The site itself went semi-public on the 28th of December, 2008, with no fanfare. The approach was deliberately low-key to give us the chance to work out any bugs before they became catastrophic, and we very much wanted the site to be an ongoing resource that simply had not been noticed before – the sort of discovery that you brag about to your friends. On the 1st or 2nd of January, 2009, we told Google to start indexing the site, and began a program of getting ourselves noticed, starting by tapping into Roleplaying Tip’s existing subscriber base.
By my count, that makes the 5th Anniversary somewhere around… well, Now! Occasions like these tend to be self-indulgent to some extent, and this article makes no pretense of being any different.

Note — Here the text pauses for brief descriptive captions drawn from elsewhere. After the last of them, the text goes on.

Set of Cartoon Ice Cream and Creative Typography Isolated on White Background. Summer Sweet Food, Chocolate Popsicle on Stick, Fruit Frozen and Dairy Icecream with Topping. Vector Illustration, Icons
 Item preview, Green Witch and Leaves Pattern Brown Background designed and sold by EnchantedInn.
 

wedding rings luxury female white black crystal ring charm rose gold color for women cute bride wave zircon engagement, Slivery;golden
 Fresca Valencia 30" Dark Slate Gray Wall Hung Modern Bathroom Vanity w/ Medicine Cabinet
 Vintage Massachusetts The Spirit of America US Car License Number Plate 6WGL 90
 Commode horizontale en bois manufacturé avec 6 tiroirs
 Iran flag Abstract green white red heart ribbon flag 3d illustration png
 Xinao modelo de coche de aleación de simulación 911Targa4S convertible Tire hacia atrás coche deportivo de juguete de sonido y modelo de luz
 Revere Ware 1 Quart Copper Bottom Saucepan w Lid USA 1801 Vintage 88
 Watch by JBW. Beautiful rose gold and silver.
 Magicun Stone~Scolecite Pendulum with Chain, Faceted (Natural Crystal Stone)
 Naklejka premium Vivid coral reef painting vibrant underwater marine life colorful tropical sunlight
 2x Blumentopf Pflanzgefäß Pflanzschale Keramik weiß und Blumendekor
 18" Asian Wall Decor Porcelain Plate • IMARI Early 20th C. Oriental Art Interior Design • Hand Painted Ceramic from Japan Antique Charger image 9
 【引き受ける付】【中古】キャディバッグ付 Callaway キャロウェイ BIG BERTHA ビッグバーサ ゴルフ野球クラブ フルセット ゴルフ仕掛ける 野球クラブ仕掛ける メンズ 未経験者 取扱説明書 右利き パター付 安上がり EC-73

From the very beginning, Campaign Mastery reflected the different styles of it’s co-owners. Johnn’s articles tended to be short, tight, the sort of things that would fit on a page or two in a magazine, and very much the sort of thing that he was used to producing and publishing for Roleplaying Tips. My articles aimed for depth and comprehensiveness, the sort of thing that might make a feature article in such a Magazine. Over the next couple of months, we began to absorb elements of each other’s styles, and some unity of style began to emerge.
Right from the start, we exhibited the hallmark duality that has become synonymous with the site, a sort of compromise between a typical GMing Blog and an online Magazine with Blog Structural elements. We always recognized that our chief assets were the experience that we had as GMs – something on the order of 50 years, between us – and our capacity to analyze, encapsulate, and articulate that experience.
So that’s what this article is all about – my experience as a GM. It’s the story of how my life has shaped and been shaped by the hobby – well, part of that rather lengthy story, anyway.
And along the way, I’m hopeful that some the experience and the wisdom that it has engendered will seep into the words, to benefit to other GMs out there.
It’s a story that encapsulates two principles: determination in the face of adversity, and taking every experience that comes your way and folding it back into your gaming expertise.
In The Beginning
I discovered gaming while at University, about mid-way through my first year. This was the first year that the institution had offered a degree in IT, and to be brutally honest, they hadn’t quite figured the curriculum, so they dumped us all into a heap of general science, math, and engineering foundation courses that held little or no relevance to the world of computers.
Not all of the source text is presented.